Dialog dan Kesadaran

         Peter Senge di dalam bukunya The Fifth Discipline dan Chade Meng Tan di dalam bukunya Search Inside Yourself sepakat, bahwa dasar terpenting dari dialog adalah Mindfulness. Saya belum menemukan terjemahan yang tepat untuk kata ini. Namun, untuk keperluan tulisan ini, saya akan menerjemahkan kata tersebut sebagai kesadaran. Dalam arti ini, kesadaran adalah kemampuan orang untuk memperhatikan segala hal yang terjadi di dalam dirinya dari saat ke saat, mulai dari rasa pegal, gejolak emosi, sampai dengan semua sensasi panca indera, tanpa penilaian dan analisis apapun.
          Ketika orang berbicara di dalam dialog, ia juga perlu untuk sadar akan hal-hal yang terjadi di dalam dirinya, serta kata-kata yang keluar dari mulutnya.
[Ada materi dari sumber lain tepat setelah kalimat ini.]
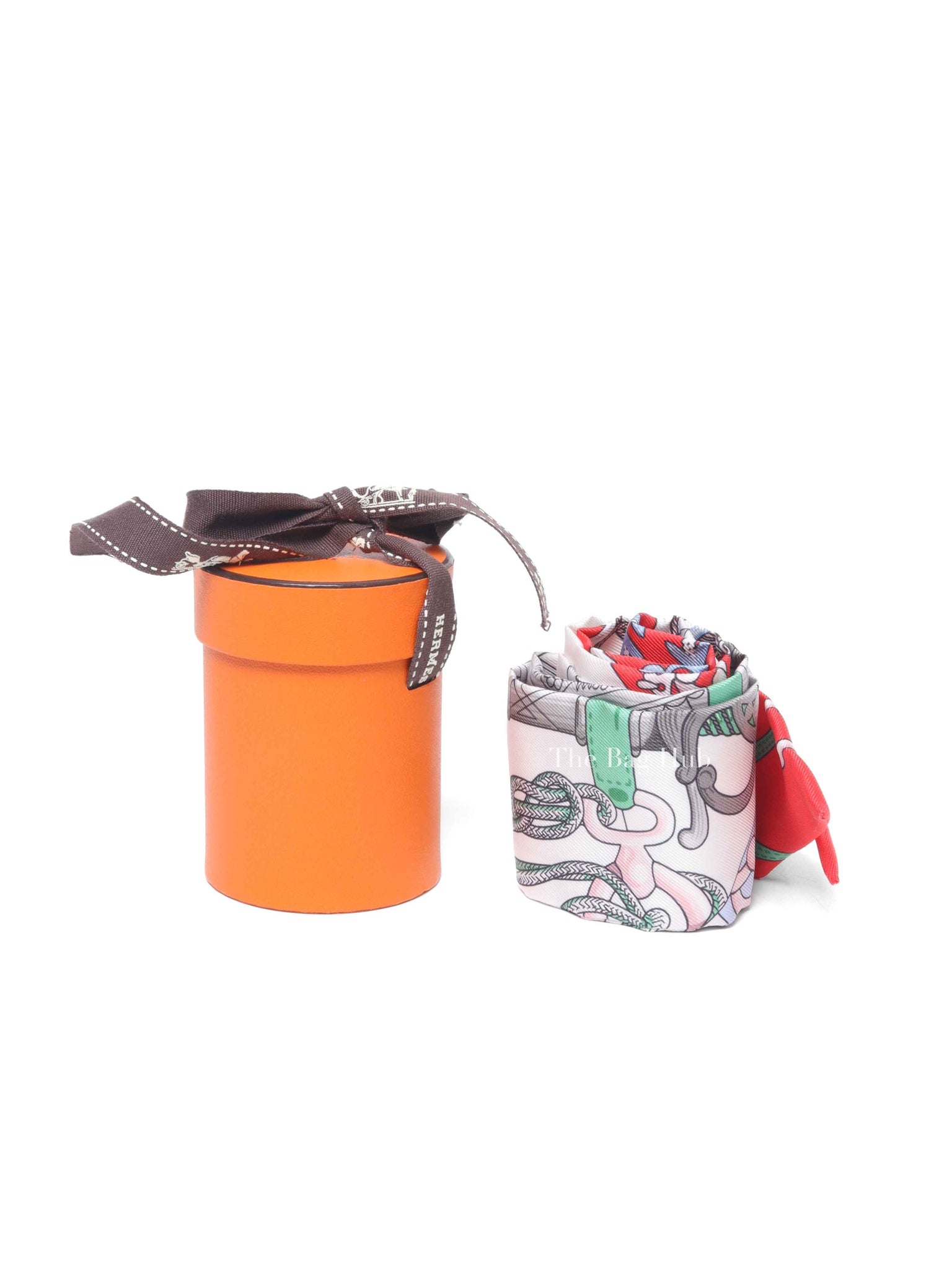 Hermes Grenadine/Blanc/Vert Silk Cliquetis Twilly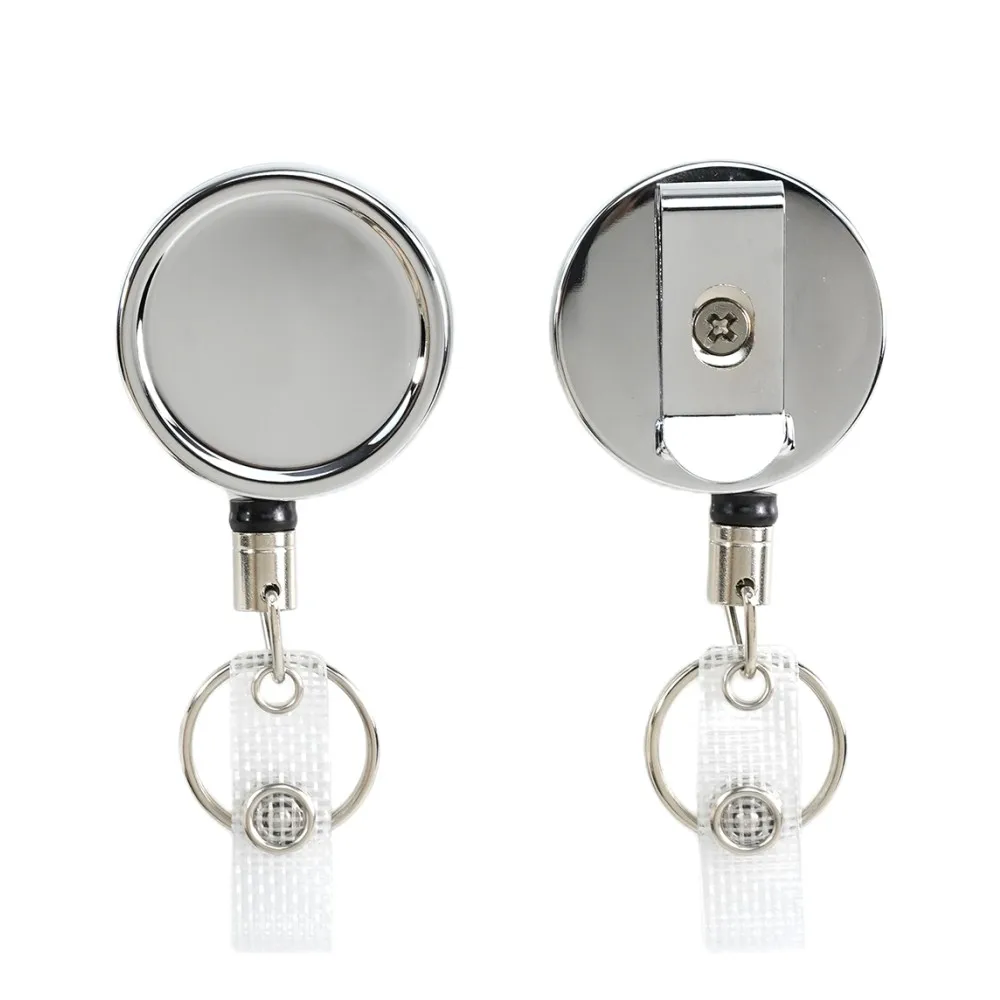 

Bestom Silver Chrome Metal Retractable Heavy Duty ID Card Holder YoYo Badge Holder Reels Ski Pass Accessories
Ini membuatnya tetap tenang dan jernih, sehingga bisa menyampaikan maksudnya secara jelas dan sopan. Inilah yang disebut berbicara dengan kesadaran (mindful speaking). Tanpa pola ini, orang akan cenderung berbicara dengan emosi, dan menimbulkan kesalahpahaman dari pihak lain.
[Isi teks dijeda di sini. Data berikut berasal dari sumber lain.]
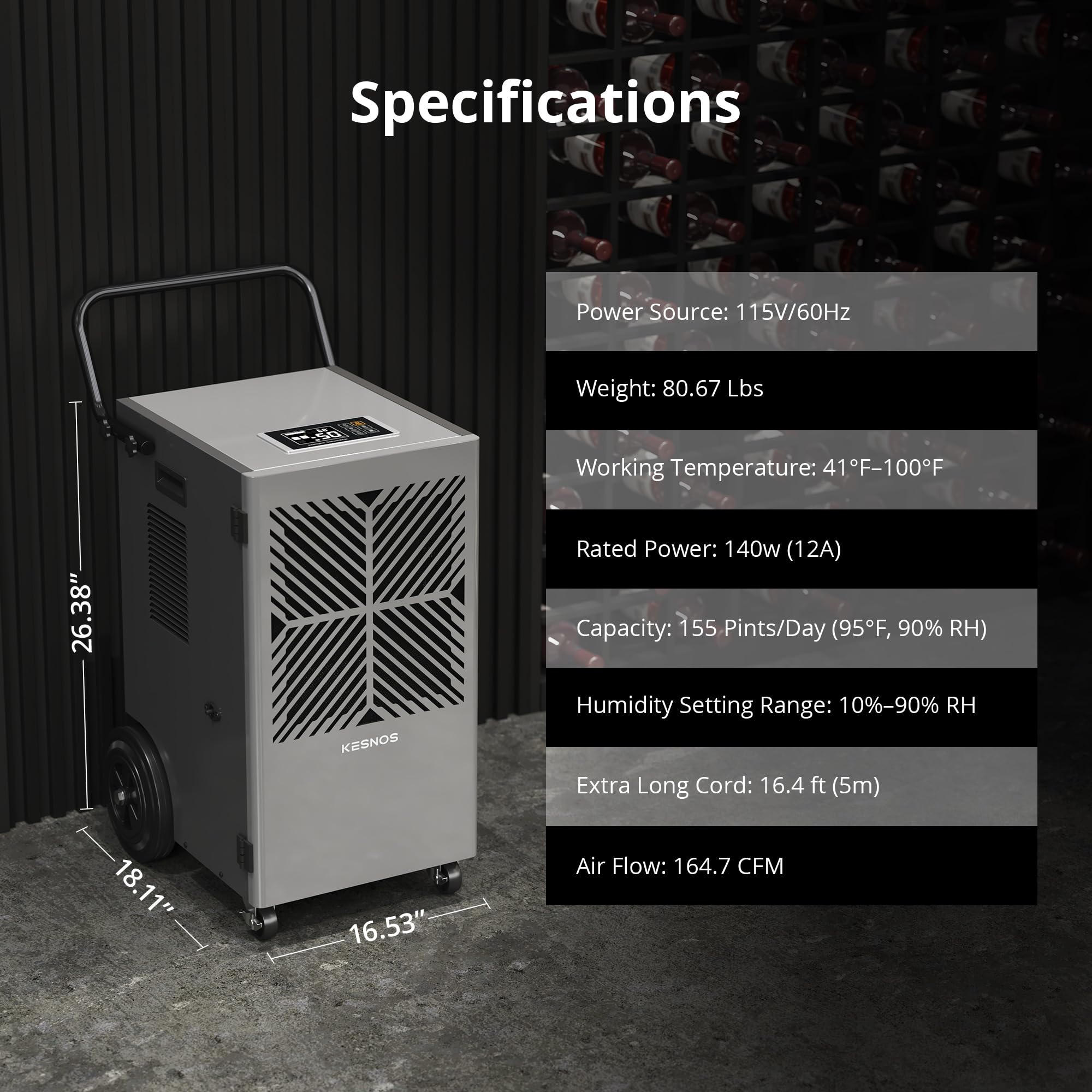 Kesnos 155 Pints Commercial Dehumidifier with Pump – Dehumidifier with Drain Hose and 24 Hr Timer in Large Space Up to 7500 Sq. Ft. – Ideal for Basements, Industrial Spaces and Job Sites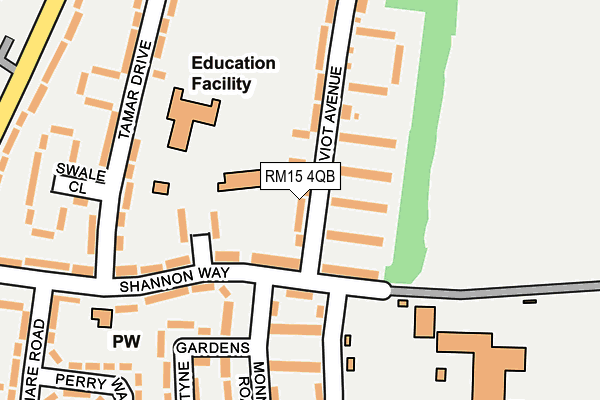 RM15 4QB map - OS OpenMap – Local (Ordnance Survey)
         Untuk bisa berbicara dengan penuh kesadaran, orang juga harus belajar mendengar dengan kesadaran. Orang perlu menyimak sepenuhnya pembicaraan orang lain, tanpa melakukan penilaian atau analisis apapun. Inilah yang disebut dengan mindful hearing. Jika tidak jelas, orang boleh bertanya kepada orang tersebut. Itu pun dilakukan dengan penuh kesadaran.
          Dasar dari mendengar dan berbicara dengan kesadaran adalah hidup yang berkesadaran (mindful living). Hidup yang berkesadaran berarti hidup yang penuh perhatian pada setiap gejolak di dalam tubuh yang terjadi saat ke saat. Ini berarti memperhatikan semua perasaan, emosi, pikiran dan sensasi panca indera yang muncul di sini dan saat ini. Semua perhatian ini dilakukan juga dengan tanpa penilaian dan analisis apapun.
Hidup yang Dialogis
Di dalam bukunya yang berjudul Theorie des kommunikativen Handelns, Jürgen Habermas, filsuf Jerman, menekankan pentingnya tindakan komunikatif sebagai unsur penyatu di dalam masyarakat majemuk. Tindakan komunikatif adalah sebentuk dialog dengan memperhatikan setidaknya tiga klaim dasar, yakni klaim kebenaran, klaim kejujuran dan klaim komprehensibilitas. Artinya, tiga klaim tersebut menjadi ukuran, ketika orang berbicara. Apakah pembicaraannya bisa dipertanggungjawabkan kebenaran, kejujuran dan komprehensibilitasnya?
Ini tentu berguna. Namun, tanpa mendengar dan berbicara dengan kesadaran, ketiga klaim tersebut akan sulit tercapai. Orang lalu terjebak pada kebohongan, kebingungan dan kesalahpahaman. Gabungan antara teori tindakan komunikatif Habermas dan teori kesadaran (mindfulness) dari Senge dan Tan kiranya cocok untuk menjadi dasar bagi hidup yang dialogis.
Jika kita melihat hidup kita sebagai sebentuk dialog, maka segalanya akan lebih mudah. Kita bisa melakukan refleksi mendalam atas pengalaman hidup kita dengan dialog dengan diri sendiri. Kita bisa mencapai kesalingpemahaman dengan orang lain yang berbeda cara berpikir dengan kita. Kita juga bisa hidup dalam harmoni dengan alam, karena keterbukaan dan kesadaran kita.
Dialog juga merupakan jantung hati dari kerja sama di dalam tim. Sebuah tim bisa bertumbuh bersama dalam kekompakan, jika ia memiliki pola dialog yang sehat di antara anggotanya. Visi bersama bisa ditegaskan dan kemudian diterapkan dalam hidup sehari-hari. Berbagai tantangan pun bisa dilampaui melalui kerja sama tim yang mantap.